TASK INSTRUCTIONS:
Would you transcribe the entries below, beginning at the line with "Elden-ring briar-armor.webp" and ending after the line with "One Kiss A Day Chapter 13 - 43", exactly, with no picture and nothing more?

DATA UNDER STUDY:
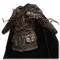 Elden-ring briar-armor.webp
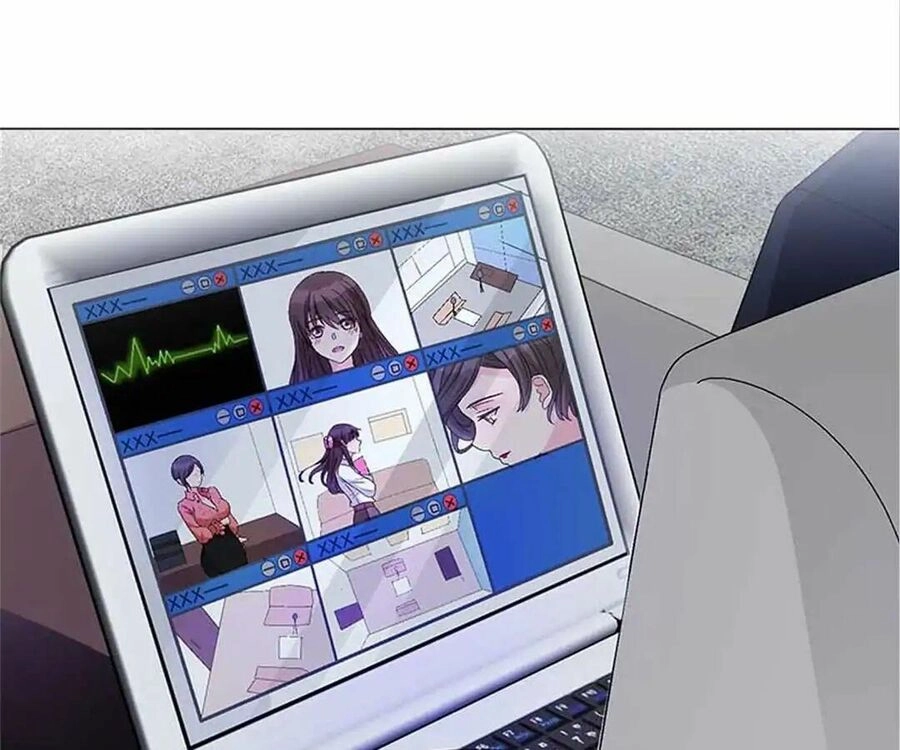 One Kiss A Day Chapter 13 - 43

...

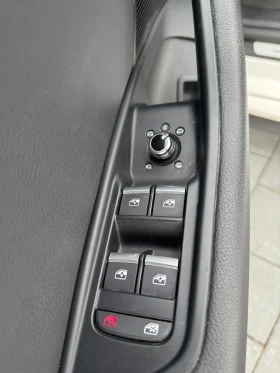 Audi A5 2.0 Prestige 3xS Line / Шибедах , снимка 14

---

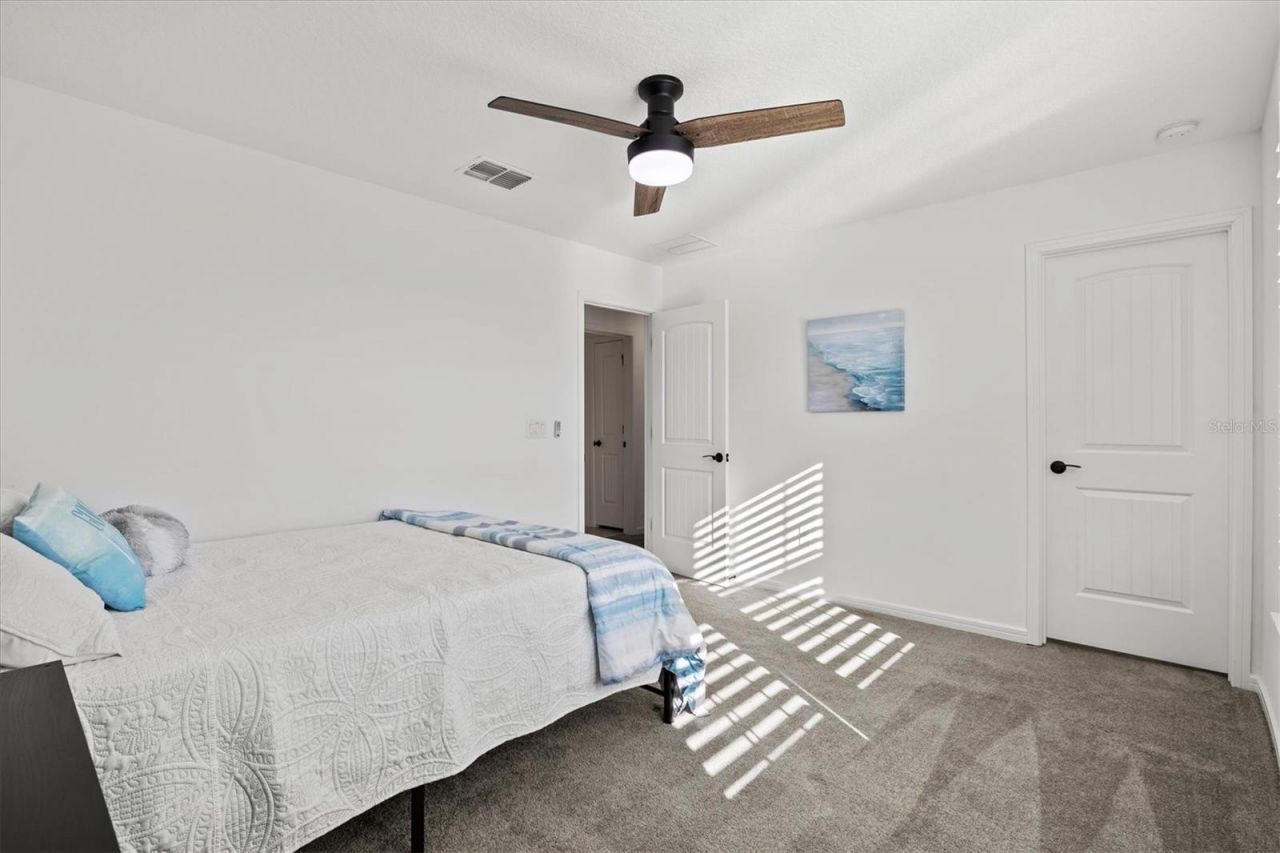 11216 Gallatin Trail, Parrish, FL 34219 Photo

ANSWER BOX:
 Elden-ring briar-armor.webp
 One Kiss A Day Chapter 13 - 43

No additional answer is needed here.